My attempt: I've found out that g has 3 singularities (at $z=\pm i$ and $z=0$) and is I think otherwise analytic.
So for the first region, there is 1 singularity inside it (just at the center of the region).
So I think I should write the Laurent series centered at the singularity $z=i$.
I've tried many things like rewriting $g(z)=\frac{1}{z(z+i)} \cdot \frac{1}{z-i}$ but I realized it was better to keep it as it was. I was thinking about writing $\frac{1}{z^2+1}$ as an infinite series (now I realize that as it should be centered in i, I should have factored out by (z-i)...) and then divide by z the whole series. I'm going into circles and I don't click yet on how to get it. I'd like a tip.

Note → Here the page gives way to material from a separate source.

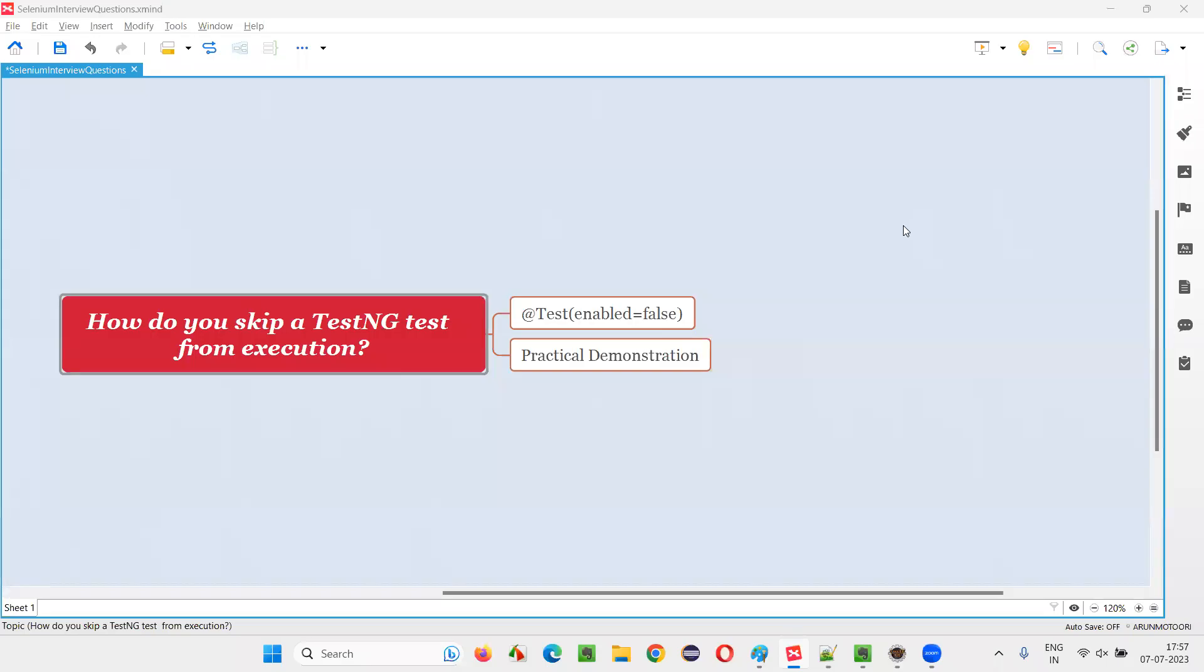Hello all, welcome to this session. In this session, I am going to answer one of the Selenium interview questions. That is, how do you skip a TestNG test from execution?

2. A possible confortable way is the complex variable subsitution $p= \frac{1}{z-i}$ so that is...

$\displaystyle \frac{1}{z} = \frac{p}{1+i p}$

$\displaystyle \frac{1}{z+i} = \frac{p}{1+2 i p}$ (1)

... and we have...

$\displaystyle \frac{1}{z}\ \frac{1}{z-i}\ \frac{1}{z+i} = \frac{p^{3}}{(1 + i p)\ (1 + 2 i p)} = p^{3}\ (\frac{1}{1 + 2 i p} - \frac{1}{1 + i p})$ (2)

Now for $|p|<\frac{1}{2}$ is...

$\displaystyle \frac{1}{1 + i p} = 1 - i p - p^{2} + i p^{3} + ...$

$\displaystyle \frac{1}{1 + 2 i p} = 1 - 2 i p - 4 p^{2} + 8 i p^{3} + ...$ (3)

... so that is...

$\displaystyle \frac{p^{3}}{(1 + i p)\ (1 + 2 i p)} = -i p^{4} -3 p^{5} + 7 i p^{6} + ...$ (4)

... and therefore...

$\displaystyle \frac{1}{z\ (1+z^{2})} = - \frac{i}{(z-i)^{4}} - \frac{3}{(z-i)^{5}} + \frac{7 i}{(z-i)^{6}} + ...$ (5)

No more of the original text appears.